Objectives: 1) Analyze healthcare use of chronic rhinosinusitis (CRS) patients requiring endoscopic sinus surgery (ESS) based on co-morbidities (asthma, polyposis, and prior surgery) in an all-comer population. 2) Evaluate the effectiveness of ESS by sub-populations, using healthcare use pre- and post-surgery as a proxy for improvement. Methods: A retrospective database analysis was conducted using Marketscan. All patients with ESS (CPT 31254-31288) in 2008 and at least 5 years continuous enrollment (medical and drug coverage) were included (n=8,827). Patients were grouped based on diagnoses of asthma, polyposis, or prior surgery. In- and outpatient medical and prescription history for all sinonasal procedures or diagnoses was analyzed. All costs were calculated on a per-patient, per-quarter basis.

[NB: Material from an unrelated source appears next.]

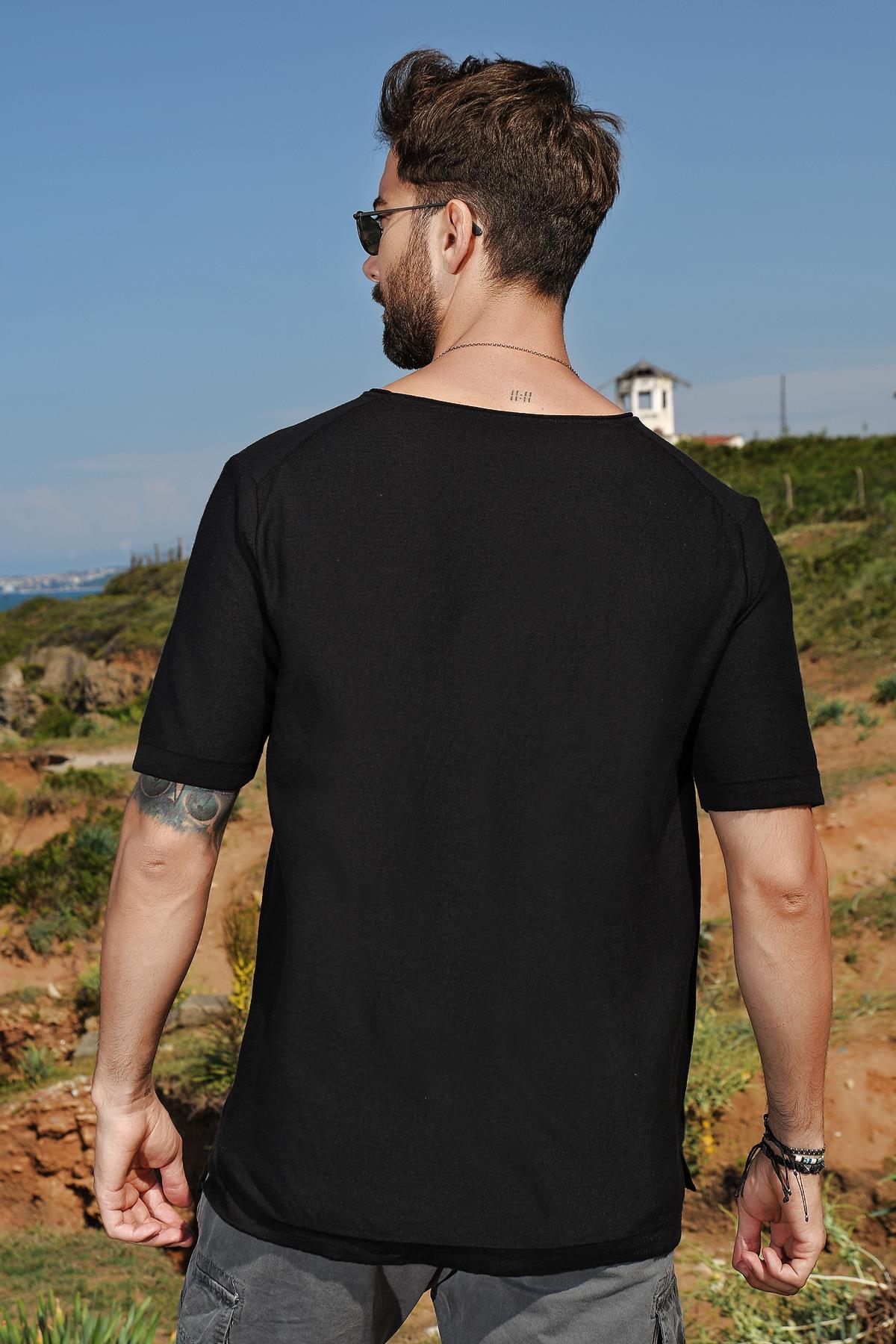 Chuba Erkek Bisiklet Yaka Oversize Triko T-Shirt 20S404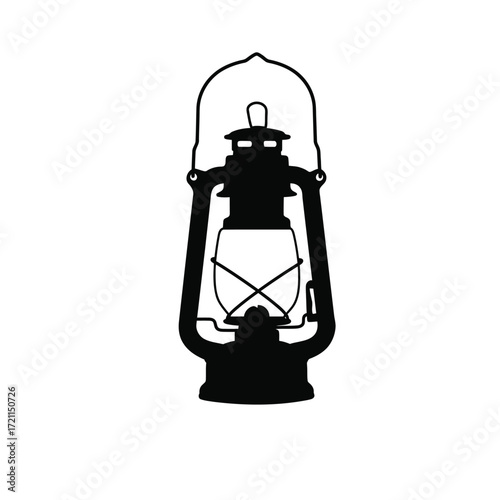 Vintage hurricane lantern silhouette represents nostalgic lighting and outdoor adventures silhouette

Results: Total cost of care 9-12 months prior to surgery was: No comorbidity (NC): $195 (95% Confidence interval (95%CI) $178.24-$205.13), Polyps (P): $183.60 (95%CI $164.17-$203.03), Asthma (A): $484.56 (95%CI $443.30-$525.82), Asthma and Polyps (AP): $534 (95%CI $460.10-$609.80), and Revisions (R): $1,234.52 (95% CI $853.02-$1,616.01). Costs increased 1.5-3.5 fold prior to surgery (NC: $1,310.27, P: $1,358.11; A: $1,738.84, AP: $1,894.31, R: $1,782.03) and were followed by surgical costs ranging from $7,187.35-$9,650.83. ESS was consistently followed by significant drops in costs, which remained stable thereafter. Ongoing CRS disease costs at 2-year post-operative averaged between $195.36 (NC - 95%CI $172.66-$218.06) and $669.35 (AP - 95%CI $546.75-$791.94). Conclusions: Patients with asthma and polyps have ongoing disease costs approximately 3-fold greater than patients without those comorbidities. Prior to ESS, use increased significantly, reflecting unmanageable disease states in all patient subpopulations.